Adding Support for Textures in Engine


Textures are n-dimensional arrays which can contain any information. Usually when talking about textures, we talk about 2D arrays containing color even though there are other types of textures such as height maps, normal maps, specular maps, environment maps and others. Some of them I will be adding to my engine in the later stages. This post is about adding support for 2D textures containing color. Since textures are just arrays, they can be accessed as an array by using co-ordinates. These co-ordinates are called as Texture Co-ordinates or TEXCOORDs or UVs (which is how we will describe them from now on). We get these UVs from mesh authoring programs such as maya. I am programming these UVs to my mesh format and then exporting them as binary. We also specify which texture we want to use for a material in our material file. If there is no texture file specified, we use the default texture which is just white.

Material =
EffectLocation = "Effects/Effect1.Effectbinary",
ConstantType = "float4",
ConstantName = "Color",
ConstantValue = {0,0,0,1},
TextureLocation = "Textures/water.jpg",

We then add support for textures in our Input layout in C++, vertexLayoutShader and any other shaders that are using textures.

auto& positionElement = layoutDescription[2];
positionElement.SemanticName = "TEXCOORD";
positionElement.SemanticIndex = 0; // (Semantics without modifying indices at the end can always use zero)
positionElement.Format = DXGI_FORMAT_R32G32_FLOAT;
positionElement.InputSlot = 0;
positionElement.AlignedByteOffset =offsetof(eae6320::Graphics::VertexFormats::sMesh, u);
positionElement.InputSlotClass = D3D11_INPUT_PER_VERTEX_DATA;
positionElement.InstanceDataStepRate = 0; // (Must be zero for per-vertex data)

We also add a sampler state.

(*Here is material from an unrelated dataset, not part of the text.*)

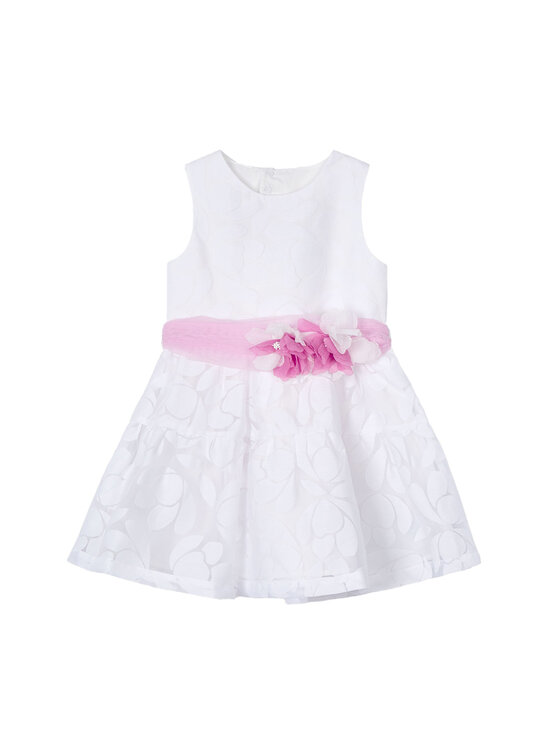 Mayoral Mayoral Rochie elegantă 3918 Alb Regular Fit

It specifies how the texture is to be sampled. There can be only one sampler state for the entire application or there can be multiple which can be bound when needed. I am having only one right now which I bind at the start of application.

Once we add support for these in the application code, we have to then sample the texture in the shaders. We perform that using the ‘sample’ instruction in hlsl in which we pass in the texture and the coordinates and get the color at that coordinate. I am performing the sampling in my fragment shader using the function

SampleTexture2d(g_diffuseTexture, g_samplerState, i_textureData)

This expands to i_texture.Sample( i_samplerState, i_uv ).

I then multiply it with the vertex colors to get the final output color.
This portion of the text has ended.